Brief descriptive captions

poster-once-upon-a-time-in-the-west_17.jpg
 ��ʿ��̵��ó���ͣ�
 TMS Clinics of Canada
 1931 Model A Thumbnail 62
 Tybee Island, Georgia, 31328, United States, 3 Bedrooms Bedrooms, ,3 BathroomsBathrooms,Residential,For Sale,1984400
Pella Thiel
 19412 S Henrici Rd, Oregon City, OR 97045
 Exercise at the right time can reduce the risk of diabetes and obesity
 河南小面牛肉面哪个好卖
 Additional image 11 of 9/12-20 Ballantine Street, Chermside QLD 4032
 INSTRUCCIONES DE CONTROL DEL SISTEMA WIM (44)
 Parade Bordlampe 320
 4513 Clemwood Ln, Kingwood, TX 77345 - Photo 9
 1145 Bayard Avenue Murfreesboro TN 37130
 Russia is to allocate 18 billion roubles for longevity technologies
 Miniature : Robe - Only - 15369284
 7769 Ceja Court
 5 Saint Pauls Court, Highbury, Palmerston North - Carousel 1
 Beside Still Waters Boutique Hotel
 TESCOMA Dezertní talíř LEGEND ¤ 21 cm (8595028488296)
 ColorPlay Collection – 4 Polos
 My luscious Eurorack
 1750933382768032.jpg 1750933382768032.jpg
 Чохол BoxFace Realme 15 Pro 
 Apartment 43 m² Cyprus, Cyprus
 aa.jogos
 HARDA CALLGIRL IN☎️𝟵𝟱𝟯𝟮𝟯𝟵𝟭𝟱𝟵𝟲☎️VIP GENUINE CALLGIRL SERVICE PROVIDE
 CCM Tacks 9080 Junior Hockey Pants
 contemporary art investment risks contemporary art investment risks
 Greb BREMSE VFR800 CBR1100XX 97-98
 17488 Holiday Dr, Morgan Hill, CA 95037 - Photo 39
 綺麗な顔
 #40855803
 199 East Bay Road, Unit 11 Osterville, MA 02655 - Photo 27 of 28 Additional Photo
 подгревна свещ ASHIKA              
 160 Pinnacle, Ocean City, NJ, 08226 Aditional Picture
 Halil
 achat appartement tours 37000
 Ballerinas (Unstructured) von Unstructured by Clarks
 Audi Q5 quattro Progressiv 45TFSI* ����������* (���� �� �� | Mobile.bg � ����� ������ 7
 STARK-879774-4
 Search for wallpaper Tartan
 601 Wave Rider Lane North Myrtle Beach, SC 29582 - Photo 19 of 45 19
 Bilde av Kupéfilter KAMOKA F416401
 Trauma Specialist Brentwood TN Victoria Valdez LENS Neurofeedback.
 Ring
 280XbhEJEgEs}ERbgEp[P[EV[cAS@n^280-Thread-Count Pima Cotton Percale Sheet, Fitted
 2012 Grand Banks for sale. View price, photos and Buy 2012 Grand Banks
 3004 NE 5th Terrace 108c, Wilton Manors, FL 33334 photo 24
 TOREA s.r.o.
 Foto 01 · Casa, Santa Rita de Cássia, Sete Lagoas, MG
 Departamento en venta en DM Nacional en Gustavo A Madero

## WORK INSTRUCTIONS
Retype the records above, but only those lines that fall between the line containing "Beside Still Waters Boutique Hotel" and the line containing "CCM Tacks 9080 Junior Hockey Pants", with both of those lines included, exactly as written.

## RESULT OF THIS TASK
 Beside Still Waters Boutique Hotel
 TESCOMA Dezertní talíř LEGEND ¤ 21 cm (8595028488296)
 ColorPlay Collection – 4 Polos
 My luscious Eurorack
 1750933382768032.jpg 1750933382768032.jpg
 Чохол BoxFace Realme 15 Pro 
 Apartment 43 m² Cyprus, Cyprus
 aa.jogos
 HARDA CALLGIRL IN☎️𝟵𝟱𝟯𝟮𝟯𝟵𝟭𝟱𝟵𝟲☎️VIP GENUINE CALLGIRL SERVICE PROVIDE
 CCM Tacks 9080 Junior Hockey Pants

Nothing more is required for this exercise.